30 November 2009

Going downhill quickly

This post started off as quite a mundane analysis of workaday stats, but I think that analysis led to a reasonably interesting conclusion.

The catalyst was the recent match between India and Sri Lanka in Kanpur and, in particular, India's innings. They amassed 642, which proved quite enough to see Sri Lanka off by an innings and plenty; nevertheless, that impressive total was a bit of a comedown, given they had been 613/4 a dozen or so overs before they were bowled out. That's quite a collapse. A contributor to the Cricinfo text commentary summed it up rather neatly:

I have never seen such an unbalanced score card. When we look at the runs it is so lopsided on the the top that I feel my Cricinfo page will roll over by 180°.

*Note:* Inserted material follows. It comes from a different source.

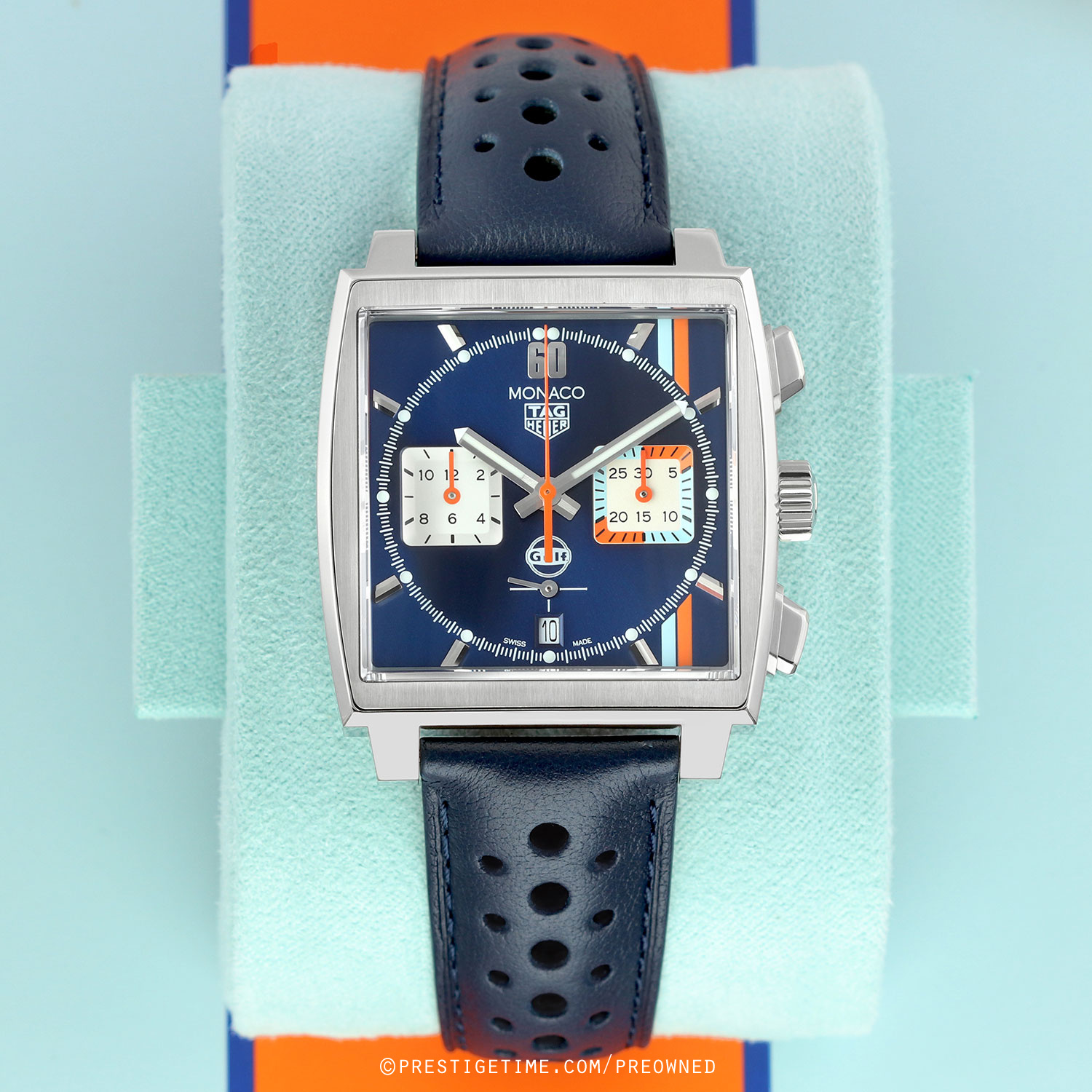 Preowned Tag Heuer CBL2115.FC6494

I was party to some related discussions on both TMSB Exiles and Grockles. On the latter, Frome Exile came up with an interesting way of looking at the collapse: he worked out that there had only been one instance in test history of a larger absolute difference between the contributions of the first five partnerships and the last five. That was England's monstrous first innings of 849ao v. West Indies in Kingston, 1930, in which the fifth wicket fell at 720, meaning the first five wickets added 591 more than the last five (11 more than the corresponding discrepancy in India's Kanpur innings). In case anyone's interested, I've put a full list of test innings sorted in this way here.

A similar – though, I think, ever-so-slightly more informative – way of looking at the question is to concentrate on the relative difference between the amount of runs scored for the first five wickets and the amount scored for the second five – in other words, the proportion of the the final, all-out total that was contributed by the first five partnerships. The table below shows score at the fall of the fifth wicket, final total, and the relationship between the two for all all-out innings in test history (obviously, it doesn't make sense to ask the same question of innings that were declared or otherwise prematurely curtailed). The match at the top of the list is a famous, though statistically anomalous one, which only technically counts as an all-out innings.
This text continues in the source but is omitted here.